Given data =>
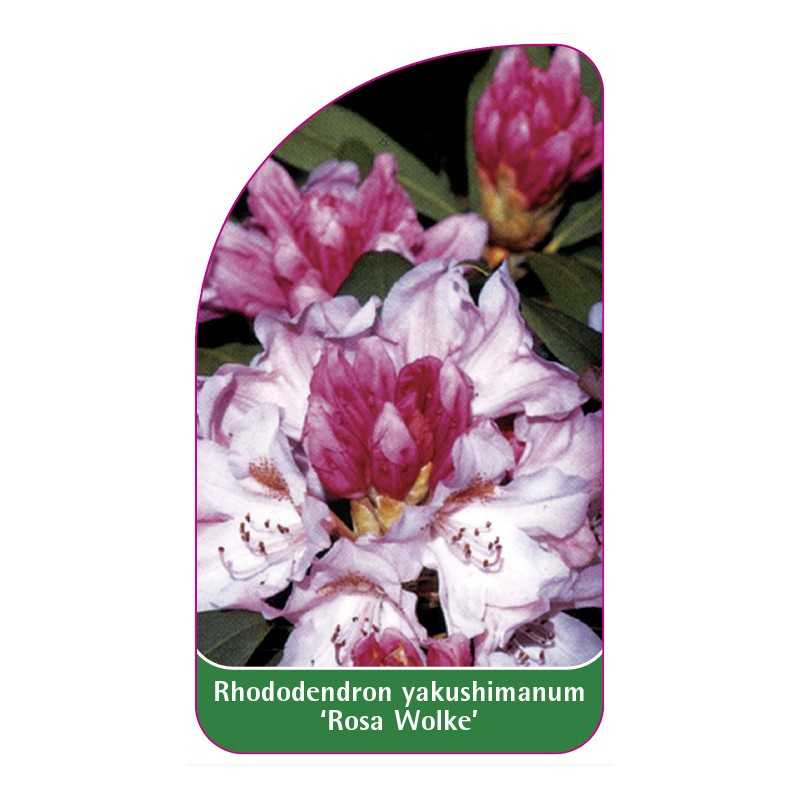 rhododendron-yakushimanum-rosa-wolke-1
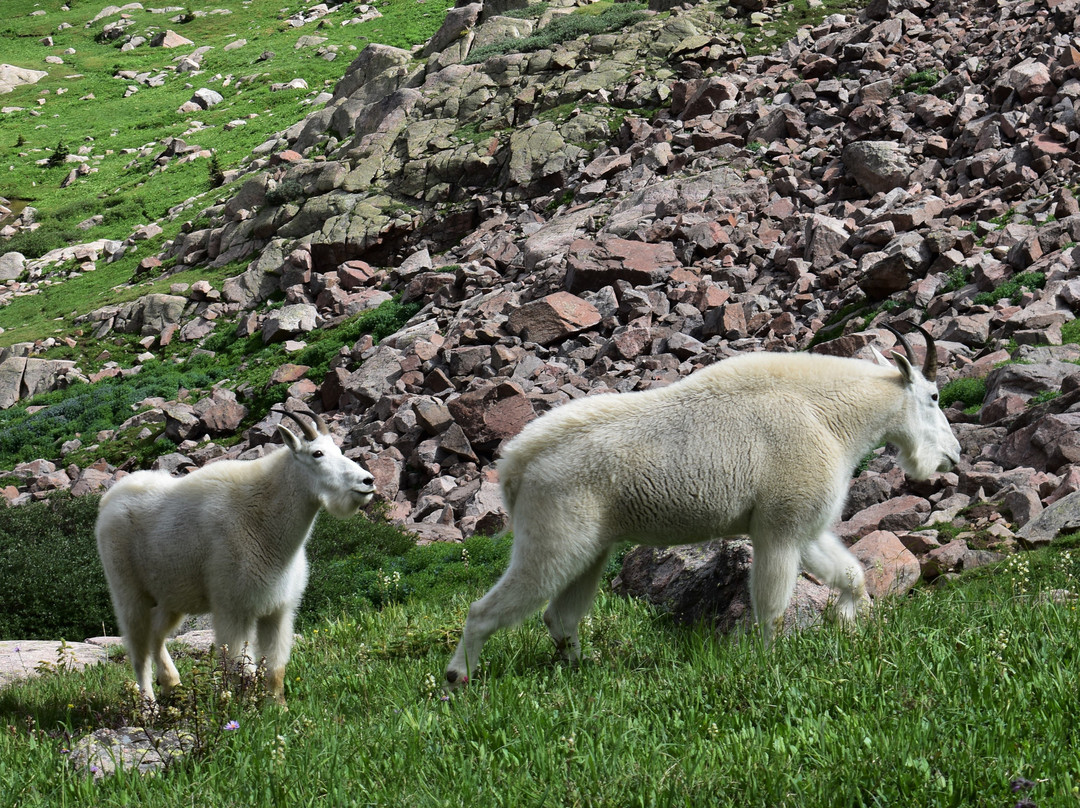 Gore Creek Trailhead-韦尔必去景点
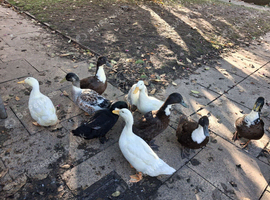 3 Adult khakh campbell + 7 ducklings.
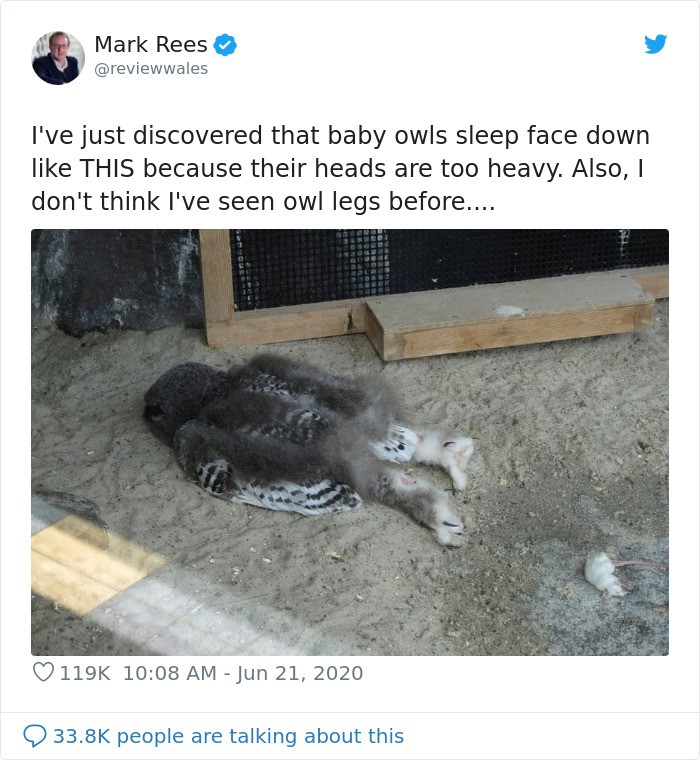sleeping-baby-owls-face-down-29.jpg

Problem to work on => Once the pictures are set aside, repeat the data above exactly as written.

Output =>
 rhododendron-yakushimanum-rosa-wolke-1
 Gore Creek Trailhead-韦尔必去景点
 3 Adult khakh campbell + 7 ducklings.
sleeping-baby-owls-face-down-29.jpg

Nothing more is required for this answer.